Wide Ruled Bananas
Updated: Dec 10, 2021
The banana sits untouched on the counter, slightly bruised, still yellow and I wonder how it was able to preserve such a powerful color. Not many things get to be yellow like Rah, not many things gets to fight death so poetically. I do not envy the banana, for soon it will in fact become me and I have yet to know myself without anger, or regret, or simply being triggered into relapsing. For I know the decision is always mine, but the mind and the body still belong to you, God.
Does the perfect environment exist? Who knows? I'm sure if this banana could talk it will tell stories of beaches and sand and salt. It would shout out at the hands that first planted it's roots for growth could not have happened if not for them. It would say to me how much it loved the sun and the stars at night and the rain the falls onto it's body whenever God wishes. So let's play a numbers game.
One. To keep form. This body is a woman's body. This mind, is a woman's mind. This spirit, is a woman's spirit. Like the banana I will remember which tree I grew on, how long I grew before being plucked, how gentle the hands that first lay onto me, how far I travelled.

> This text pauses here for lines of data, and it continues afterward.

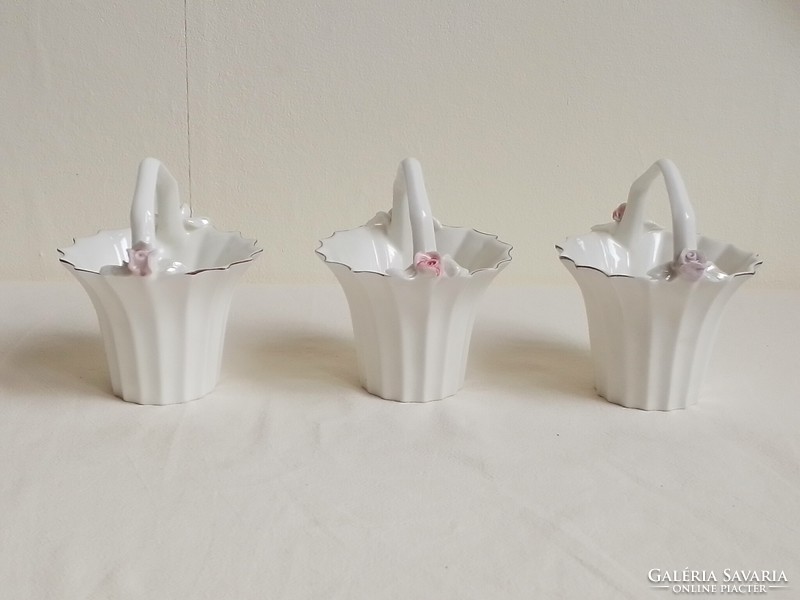 Három antik régi fehér mázas porcelán füles kosárka rózsa dísz húsvéti dekoráció jelzett vitrin nipp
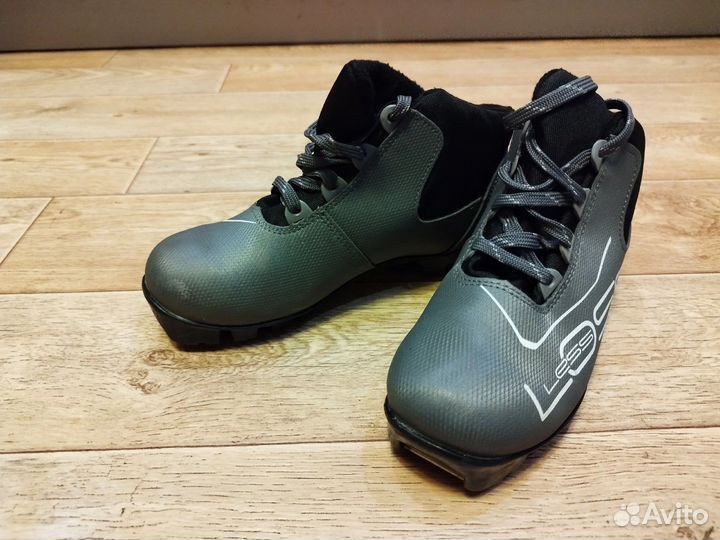 Продаю коньки и ботинки лыжные р-р 37для мальчика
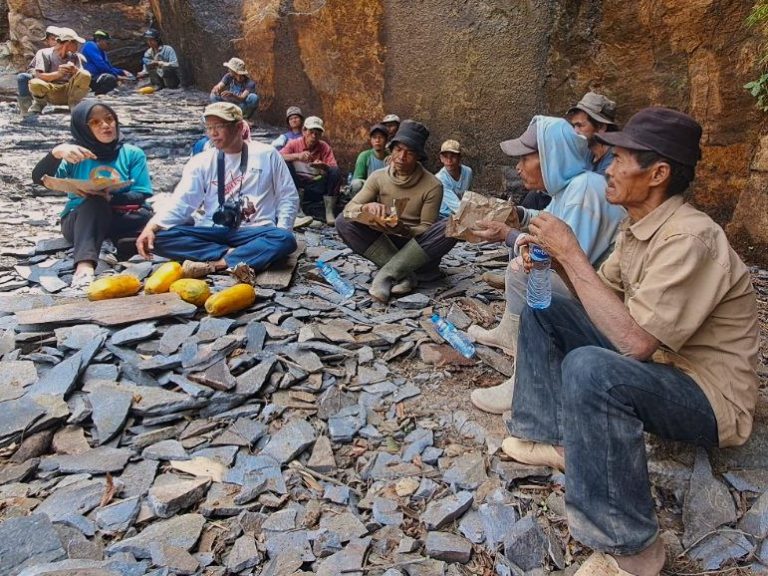 Mengatasi Kemiskinan Berbasis Perbaikan Ekologi & Pendidikan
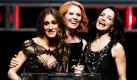 Actresses Sarah Jessica Parker, left, Cynthia Nixon, center, and Kristin Davis, accept the Ensemble Award at the ShoWest 2010 Final Night Talent Awards in Las Vegas on Thursday, March 18, 2010. (AP Photo/Matt Sayles)  Foto: AP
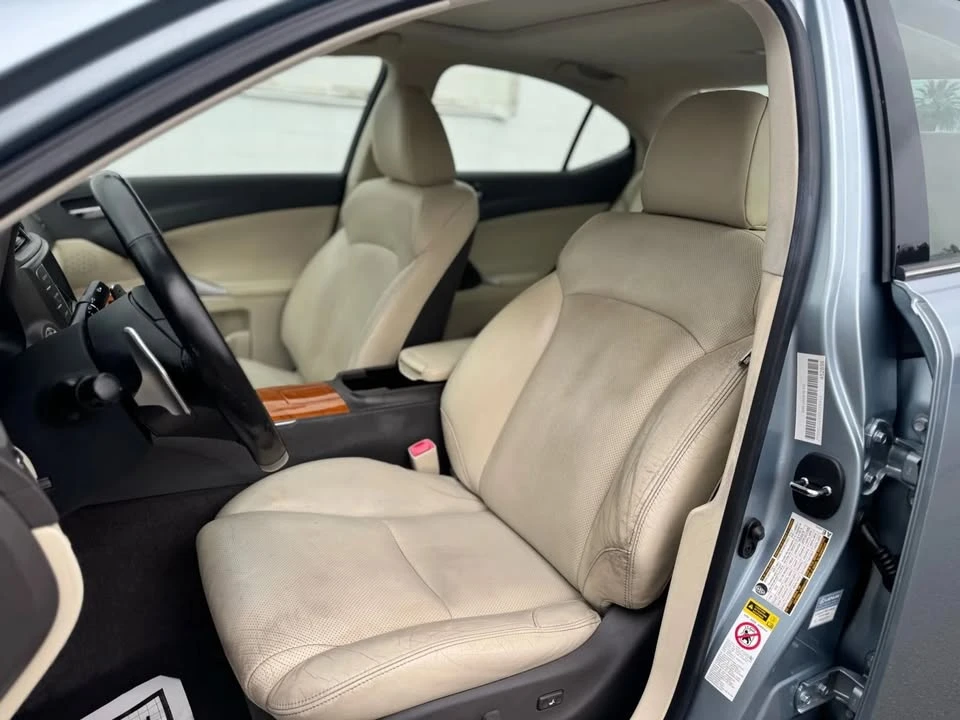 2009 Lexus IS 2nd Gen - Image 9 of 20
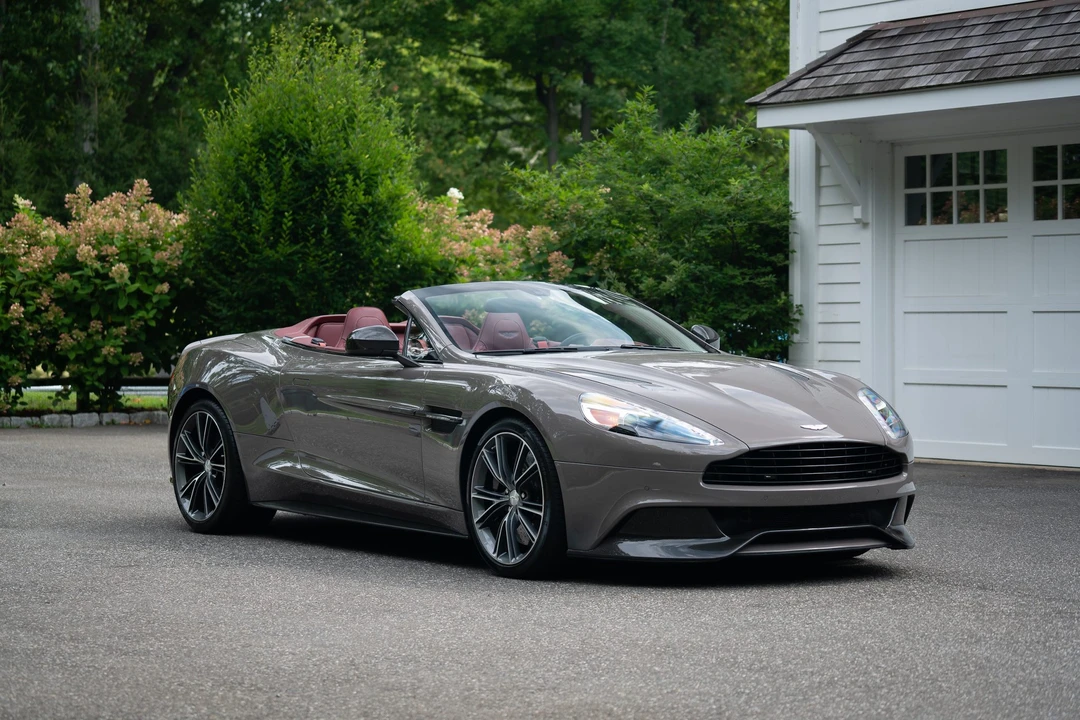 2016 Aston Martin Vanquish 2nd Gen - Image 9 of 31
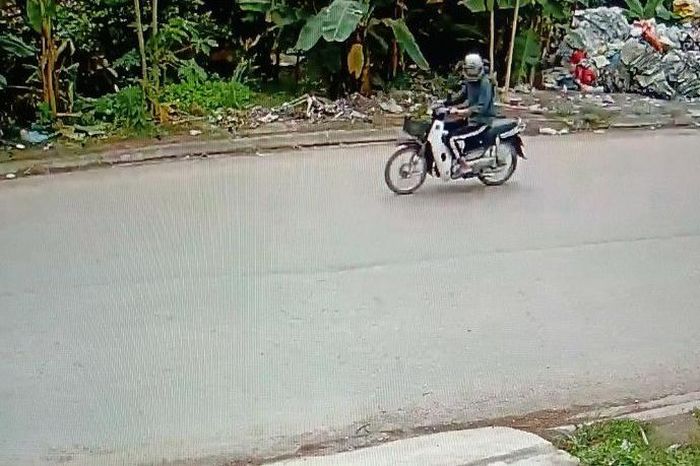  Hình ảnh lúc Hiếu bỏ trốn. Ảnh: Công an cung cấp. 
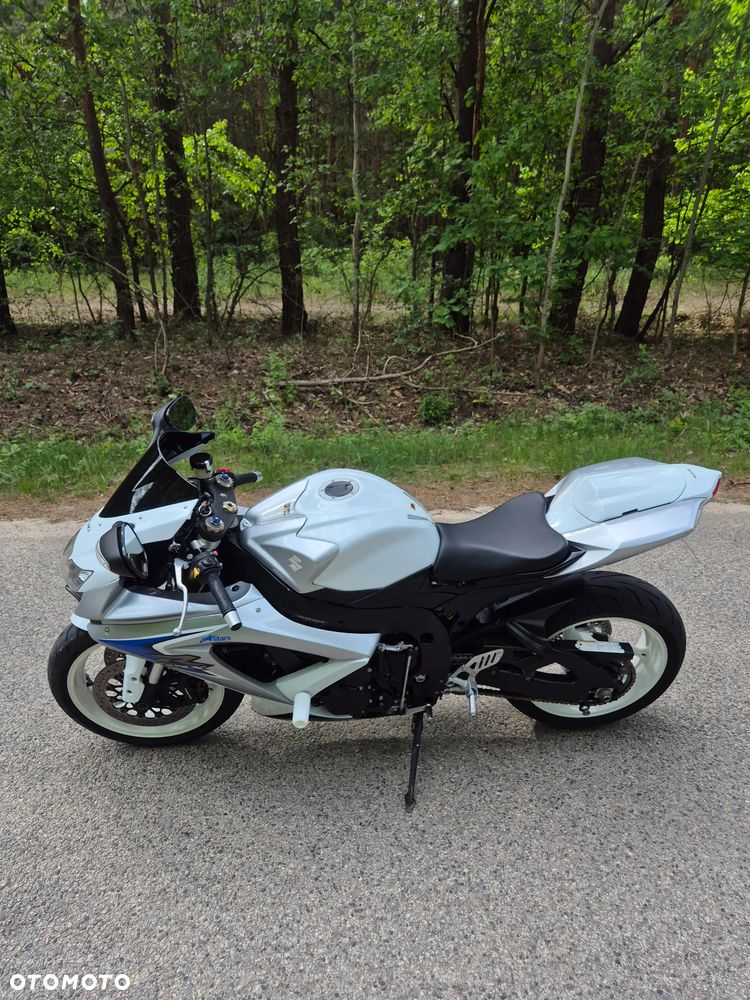 Suzuki GSX-R - 10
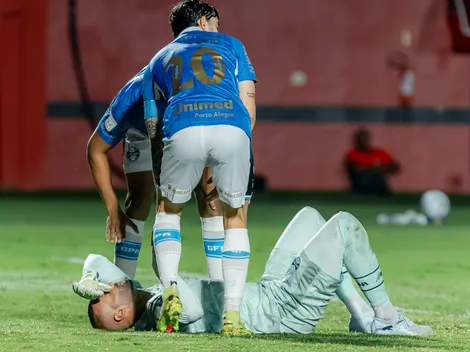 Weverton cai no gramado antes de Vitória X Grêmio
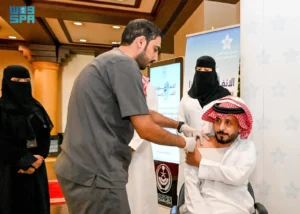 نائب أمير تبوك يُدشِّن حملة التطعيم ضد الإنفلونزا الموسمية 1 12s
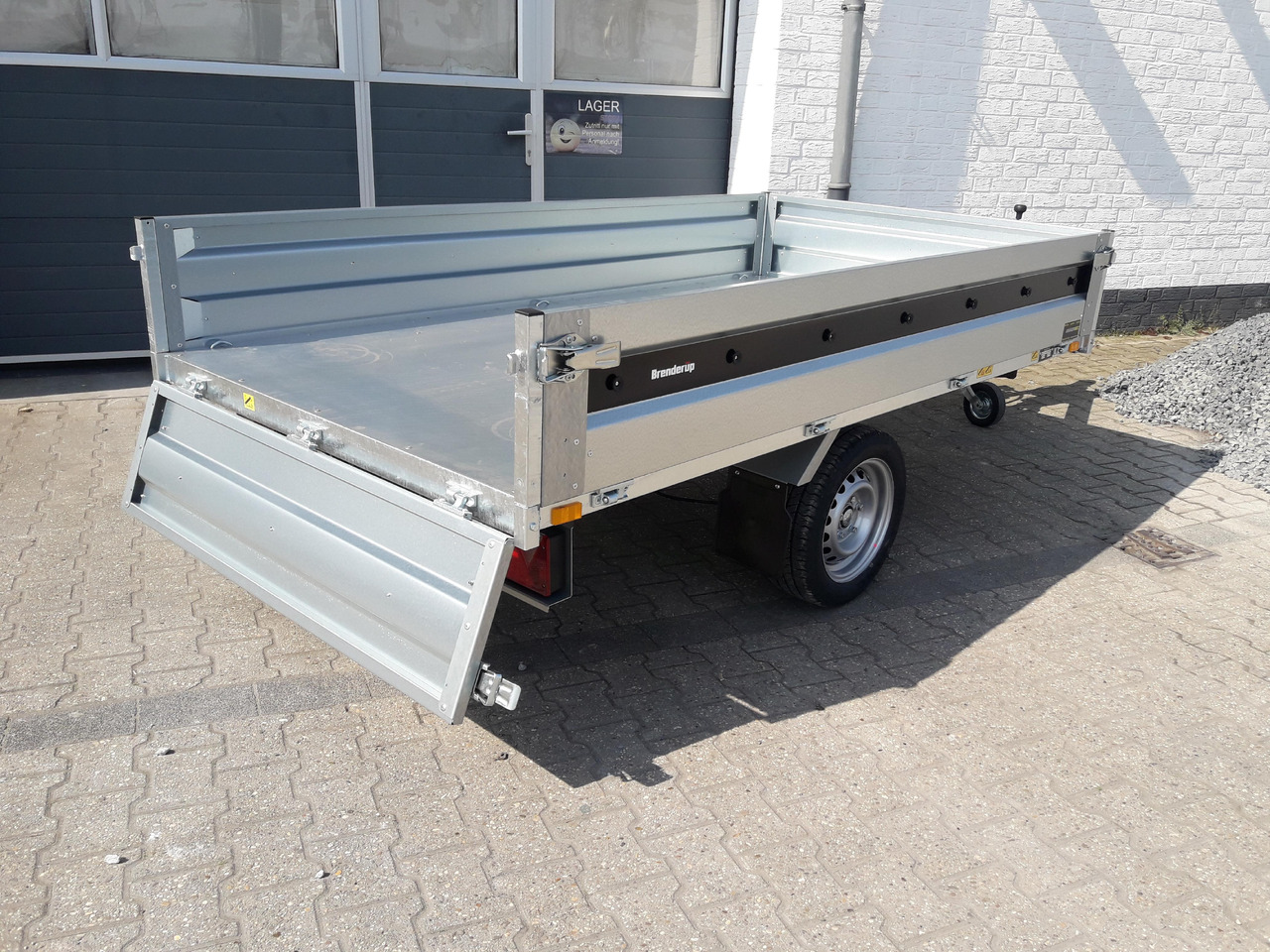 Brenderup Kipper BT 4260 SB 259x143x35cm Stahlwände Stahlboden (S) 1800kg - Remolque volquete: foto 5 Brenderup Kipper BT 4260 SB 259x143x35cm Stahlwände Stahlboden (S) 1800kg - Remolque volquete: foto 5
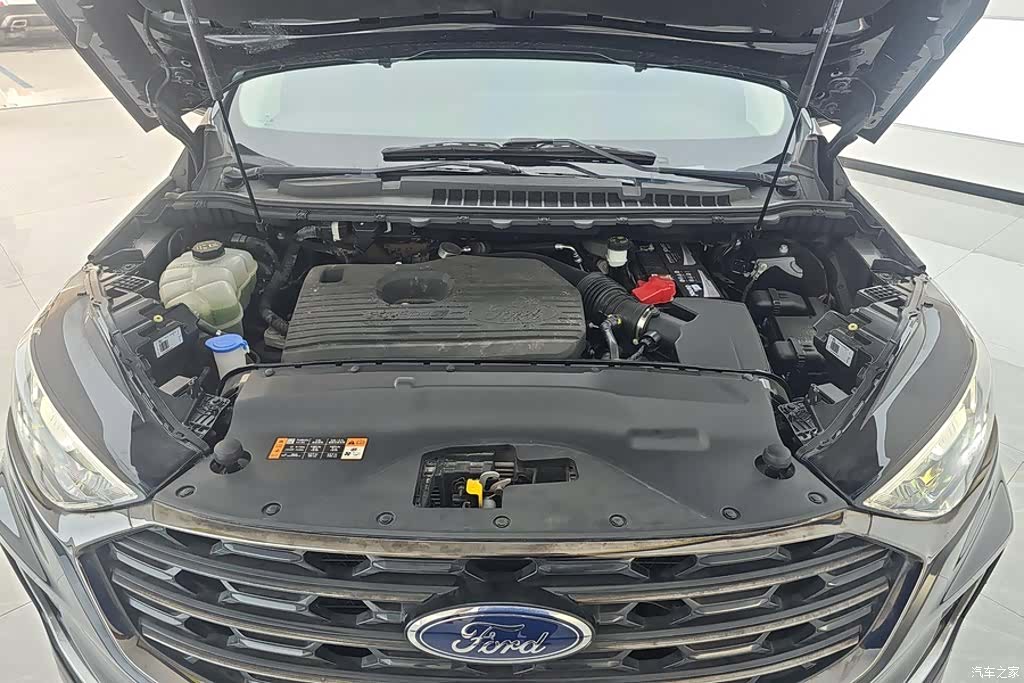 Ford Edge, 2021 10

Two. To know my purpose may very well be greater than the journey I have set out for myself.
Three. From earth I came, from earth I will return.
Four. Perhaps the greater good is God. If at the end of my journey I do not find purpose, know that you cannot catch it like you cannot catch the wind. But that it holds your entirety, in fact it become you as you breath in all that is necessary.
Five. Forgive the bruises.
Six. If you cannot help a person do not help a person.